← Back to Model Library

Autoformer Model

Decomposition Transformers with Auto-Correlation for Long-Term Series Forecasting

Overview

Autoformer is a Transformer-based model designed for long-term time series forecasting. It addresses the limitations of prior Transformer models, which struggled with intricate temporal patterns and efficiency for long sequences. Autoformer introduces a novel decomposition architecture and an Auto-Correlation mechanism, allowing it to progressively decompose trend and seasonal components during the forecasting process. This approach significantly enhances its ability to capture complex temporal patterns and achieves state-of-the-art accuracy, particularly in long-horizon forecasting.

Architecture & Components

Autoformer's architecture builds upon the Transformer framework with two primary innovations:

  • Deep Decomposition Architecture: Autoformer renovates the Transformer into a deep decomposition architecture. Unlike models that perform decomposition as a separate preprocessing step, Autoformer adaptively separates the raw time series signal into its trend and seasonal components *within* the model during both training and inference. The trend component ($x_{trend}$) is typically extracted by applying a moving average (MA) filter with a specified kernel size ($k$). This inductive bias improves forecasting by allowing the model to learn each component more effectively.
  • Series-wise Auto-Correlation Mechanism: Inspired by stochastic process theory, Autoformer replaces the conventional self-attention mechanism with an Auto-Correlation mechanism. This mechanism discovers period-based dependencies by comparing similar sub-sequences (e.g., aligning Mondays with other Mondays) rather than every time step with each other. This not only reduces computational complexity from quadratic to log-linear ($O(L \log L)$) but also aligns better with the periodic nature of many real-world time series. This series-wise connection inherently keeps sequential information, meaning Autoformer does not need explicit position embeddings like other Transformers.
  • Encoder-Decoder Structure: Autoformer retains the standard Transformer encoder-decoder structure. The encoder processes the input sequence, and the decoder generates the forecast, leveraging the decomposed components and the Auto-Correlation mechanism.
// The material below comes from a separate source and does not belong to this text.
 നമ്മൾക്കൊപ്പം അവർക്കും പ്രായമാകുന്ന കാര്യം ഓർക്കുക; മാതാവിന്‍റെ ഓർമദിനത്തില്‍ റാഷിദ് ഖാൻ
Autoformer is a deterministic model, providing a single point forecast rather than a distribution of possible future values.

Autoformer Architecture Diagram

Conceptual diagram of Autoformer's architecture with decomposition and Auto-Correlation.

When to Use Autoformer

Autoformer is an excellent choice for:

  • Long-horizon time series forecasting problems where trends and seasonality unfold over extended periods.
  • Structured and periodic data, where its Auto-Correlation mechanism can effectively identify recurring patterns.
  • Scenarios requiring robust performance in both clean and noisy environments, as its decomposition mechanism helps filter high-frequency noise.
  • When interpretability of trend and seasonal components is desired, as it explicitly models them.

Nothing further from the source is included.